Le 5 février 1954, Lucienne Delyle et Aimé Barelli sont les premières têtes d’affiche d’une soirée où le lever de rideau est assuré par un débutant qui semble promis à une belle carrière, Gilbert Bécaud. Sur la façade du 28 Boulevard des Capucines, son nom va être affiché à 33 reprises avec des lettres rouges qui ont fait rêver plusieurs générations d’artistes devenus mythiques. À 12 ans, accompagnant son père qui se produit dans une revue au théâtre des Capucines, Serge Lama les découvre depuis le trottoir d’en face. Il jure alors qu’un jour, il chantera à l’Olympia.

Jusqu’au milieu des années 70, Bruno Coquatrix instaure une formule qui va faire recette : une soirée composée d’un lever de rideau, avec un débutant, puis une vedette anglaise, c’est-à-dire un artiste qui est en train de faire ses preuves, une vedette américaine, au nom déjà porteur, des attractions et, après l’entracte, un récital de 55 à 70 minutes par Aznavour, Brel, Trenet, Brassens, Johnny Hallyday, Sylvie Vartan, Yves Montand, Michel Sardou et tant d’autres. La première d’une série de représentations de deux à trois semaines, est une soirée de gala en présence du Tout-Paris, où il est d’usage de venir en smoking et en robe longue. Trois heures plus tard, la fête se termine dans l’appartement des Coquatrix, au dernier étage de l’immeuble, devant un plat de pâtes préparé par le maître des lieux.

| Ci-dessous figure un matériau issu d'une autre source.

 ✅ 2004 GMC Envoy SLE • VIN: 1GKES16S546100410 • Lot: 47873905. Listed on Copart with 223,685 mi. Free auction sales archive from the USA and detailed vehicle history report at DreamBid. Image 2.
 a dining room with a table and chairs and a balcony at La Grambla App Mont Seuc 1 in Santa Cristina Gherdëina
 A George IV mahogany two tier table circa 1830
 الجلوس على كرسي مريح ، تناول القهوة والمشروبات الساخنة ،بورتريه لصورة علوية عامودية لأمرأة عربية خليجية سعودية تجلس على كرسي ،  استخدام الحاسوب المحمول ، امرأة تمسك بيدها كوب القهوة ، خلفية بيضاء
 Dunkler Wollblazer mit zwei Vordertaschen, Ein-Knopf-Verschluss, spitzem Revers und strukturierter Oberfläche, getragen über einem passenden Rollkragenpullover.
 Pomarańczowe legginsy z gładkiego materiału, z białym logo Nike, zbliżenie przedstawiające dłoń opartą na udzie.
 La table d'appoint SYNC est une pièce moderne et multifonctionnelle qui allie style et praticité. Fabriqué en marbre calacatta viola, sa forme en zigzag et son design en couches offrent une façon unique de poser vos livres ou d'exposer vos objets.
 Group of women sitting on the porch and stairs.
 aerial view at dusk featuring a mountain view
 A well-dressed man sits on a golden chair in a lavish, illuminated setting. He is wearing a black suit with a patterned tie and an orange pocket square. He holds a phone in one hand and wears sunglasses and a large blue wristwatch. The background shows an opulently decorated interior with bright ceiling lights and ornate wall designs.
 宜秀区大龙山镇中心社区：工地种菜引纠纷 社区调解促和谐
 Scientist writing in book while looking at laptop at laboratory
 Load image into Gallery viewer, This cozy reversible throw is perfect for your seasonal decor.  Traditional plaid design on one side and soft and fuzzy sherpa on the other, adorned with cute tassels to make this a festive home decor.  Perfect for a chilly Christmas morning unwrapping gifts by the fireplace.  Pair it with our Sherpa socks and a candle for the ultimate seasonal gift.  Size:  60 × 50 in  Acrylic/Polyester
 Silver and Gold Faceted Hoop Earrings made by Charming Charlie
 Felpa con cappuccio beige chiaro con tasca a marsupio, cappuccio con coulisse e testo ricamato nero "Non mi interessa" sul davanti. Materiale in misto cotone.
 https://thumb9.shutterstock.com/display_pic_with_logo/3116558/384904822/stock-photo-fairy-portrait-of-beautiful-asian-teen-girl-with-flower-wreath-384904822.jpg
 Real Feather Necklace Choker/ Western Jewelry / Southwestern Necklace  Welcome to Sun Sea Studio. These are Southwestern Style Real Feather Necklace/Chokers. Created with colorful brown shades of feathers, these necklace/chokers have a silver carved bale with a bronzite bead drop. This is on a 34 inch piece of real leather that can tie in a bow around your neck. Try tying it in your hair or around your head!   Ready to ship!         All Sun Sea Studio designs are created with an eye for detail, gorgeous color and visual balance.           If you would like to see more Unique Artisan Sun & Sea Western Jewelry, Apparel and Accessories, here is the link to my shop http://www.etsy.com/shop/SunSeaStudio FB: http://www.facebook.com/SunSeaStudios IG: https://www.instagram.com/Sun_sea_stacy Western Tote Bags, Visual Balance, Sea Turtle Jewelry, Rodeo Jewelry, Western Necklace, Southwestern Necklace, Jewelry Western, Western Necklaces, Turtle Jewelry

La situation financière n’est pas toujours simple à gérer. À plusieurs reprises, elle devient critique. En 1960, la faillite est évitée grâce à Edith Piaf qui, déjà malade, se produit pendant trois mois à guichets fermés. La formule évolue au milieu des années 1970, avec des concerts en deux parties que l’on appelle alors des récitals.

Après la disparition de Bruno en 1979, Paulette, sa femme, qui travaillait dans l’ombre depuis l’ouverture, assure la relève. Elle forme un trio avec Jean-Michel Boris, leur neveu, et Patricia. L’aventure se poursuit jusqu’au jour où la Société générale, propriétaire de l’immeuble, annonce son intention de mettre fin au bail. La mobilisation de plusieurs milliers d’artistes sous la forme d’une pétition sauve l’Olympia. Un accord est trouvé pour qu’une salle à l’identique soit construite à 80 mètres de là.

En 2001, Jean-Marie Messier, alors à la tête de Vivendi Universal, sort son carnet de chèques et achète l’ensemble. Le changement dans la continuité étant assuré, les Coquatrix se retirent avec le sentiment du devoir accompli. Paulette a disparu en 2018, Jean-Michel en 2020. Patricia s’est éteinte mardi 9 janvier à Marrakech, entourée de sa famille et de ses animaux. Des chiens qu’elle avait fini par préférer aux cabots.